UNITED STATES
SECURITIES AND EXCHANGE COMMISSION
Washington, D.C. 20549
FORM 8-K
CURRENT REPORT
Pursuant to Section 13 OR 15(d) of
The Securities Exchange Act of 1934
Date of Report (Date of earliest event reported) March 5, 2009
Westell Technologies, Inc.
(Exact name of registrant as specified in its charter)
Delaware | | 0-27266 | | 36-3154957 | |
(State or other jurisdiction of incorporation) | | (Commission File Number) | | (I.R.S. Employer Identification No.) | |
750 North Commons Drive, Aurora, Illinois 60540
(Address of principal executive offices) (Zip Code)
Registrant’s telephone number, including area code (630) 898-2500
N/A
(Former name or former address, if changed since last report.)
Check the appropriate box below if the Form 8-K filing is intended to simultaneously satisfy the filing obligation of the registrant under any of the following provisions:
o Written communications pursuant to Rule 425 under the Securities Act (17 CFR 230.425)

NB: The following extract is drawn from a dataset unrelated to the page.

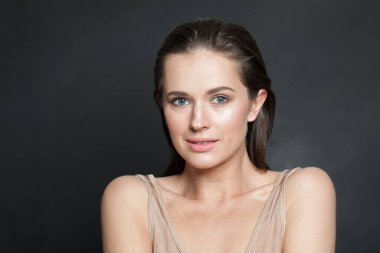 Güzel bayan model, sağlıklı ıslak ten ve koyu renk saç, kameraya bakıyor, moda güzelliği portresi.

o Soliciting material pursuant to Rule 14a-12 under the Exchange Act (17 CFR 240.14a-12)
o Pre-commencement communications pursuant to Rule 14d-2(b) under the Exchange Act (17 CFR 240.14d-2(b))

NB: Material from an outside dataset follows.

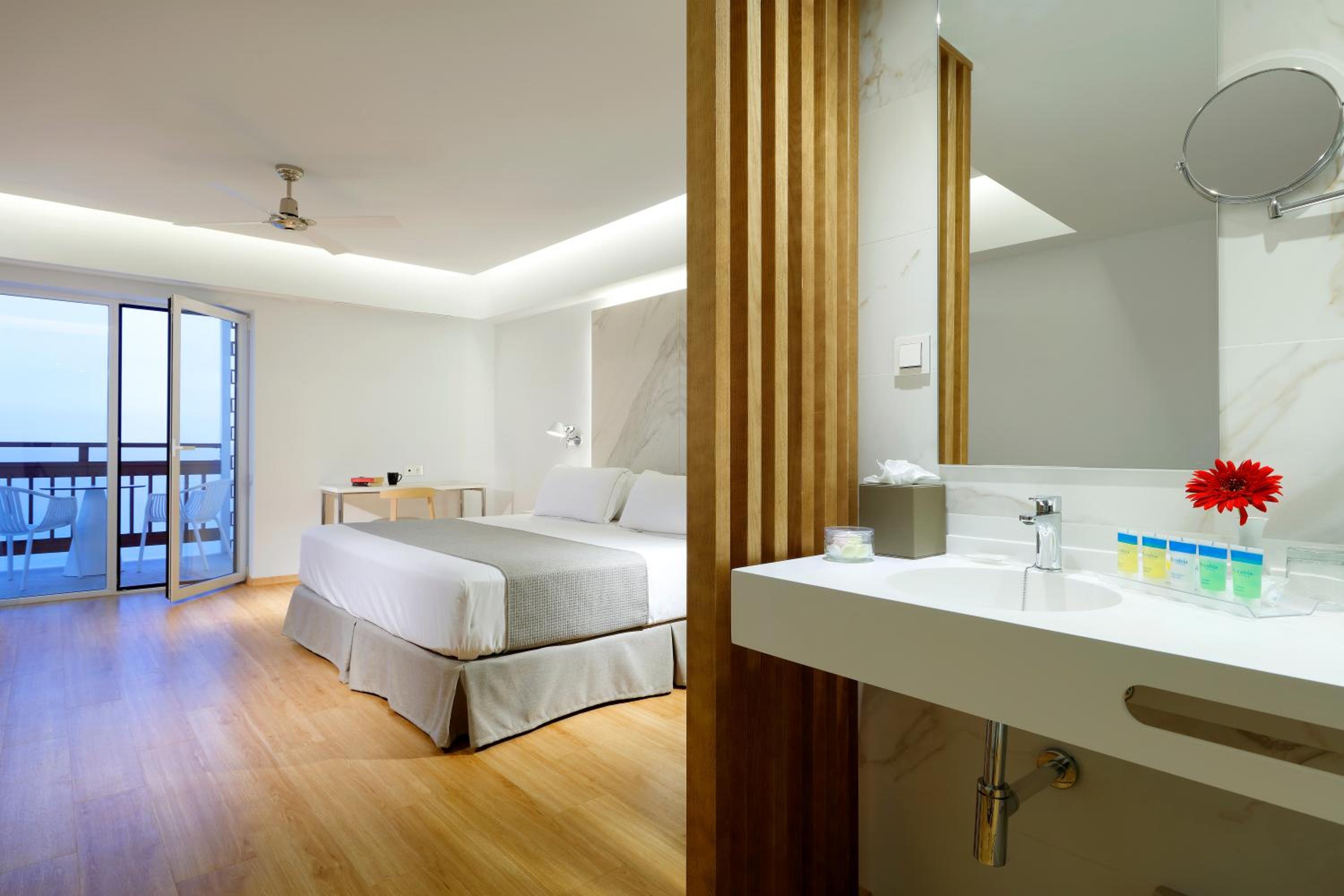 Junior Suite - Photo 6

o Pre-commencement communications pursuant to Rule 13e-4(c) under the Exchange Act (17 CFR 240.13e-4(c))
Item 1.01 Entry into a Material Definitive Agreement.
Westell Technologies, Inc., a Delaware corporation (the “Company”), has entered into a Credit Agreement dated as of March 5, 2009 (the “Credit Agreement”), among the Company, certain of its direct and indirect subsidiaries (such subsidiaries, together with the Company, the “Credit Parties”), as borrowers, and The PrivateBank and Trust Company, as the lender.

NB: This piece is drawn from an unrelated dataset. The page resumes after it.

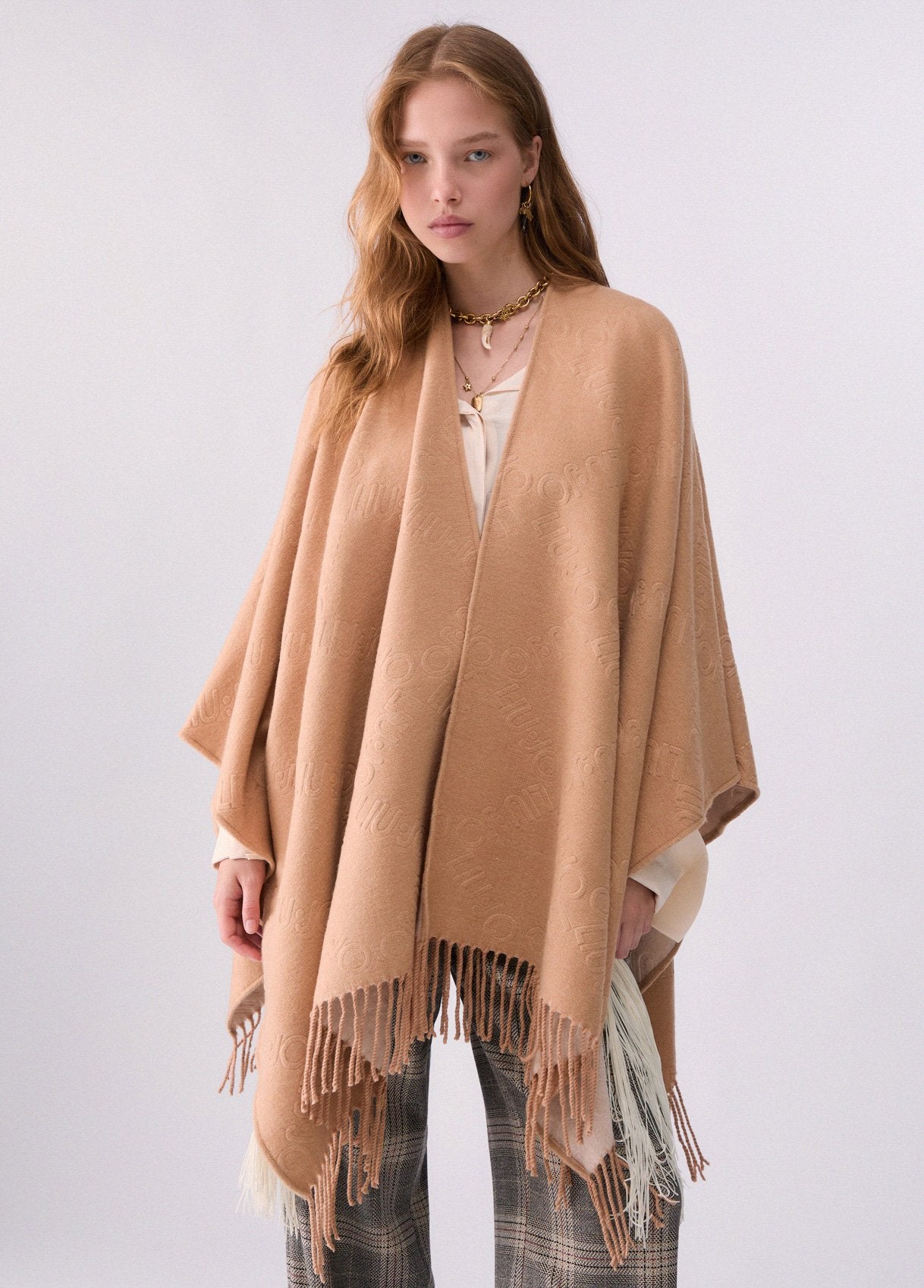2F6042T275100070T.U.-camel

The Credit Agreement is a one-year revolving credit facility in an amount up to $12 million, with a sub-facility for letters of credit in an amount not to exceed $1.5 million. The obligations of the Company under the Credit Agreement are secured by (i) a guaranty from certain direct and indirect domestic subsidiaries of the Credit Parties, and (ii) substantially all of the assets of the Credit Parties pursuant to a Guaranty and Security Agreement. Any proceeds from the revolving loans would be used for working capital purposes and for other general corporate purposes.
The revolving loans and letters of credit under the Credit Agreement bear interest at the greater of the London Interbank Offered Rate (“LIBOR”) plus a spread of 2.5%, and an alternative base rate. The alternative base rate is the greater of The PrivateBank and Trust Company prime rate or the Federal Funds rate plus 0.25% (the “Base Rate”). The Company is also required to pay a non-use fee of 0.75% per annum on the unused portion of the revolving loans (provided however, the non-use fee shall be waived at any time during which the Credit Parties maintain an average monthly demand deposit account balance of at least $5 million and an average monthly balance of at least $15 million of other investments), and letter of credit fees of 2.0% per annum. Upon the occurrence and during the continuance of a default, the interest on obligations under the Credit Agreement will increase by 2.0% per annum.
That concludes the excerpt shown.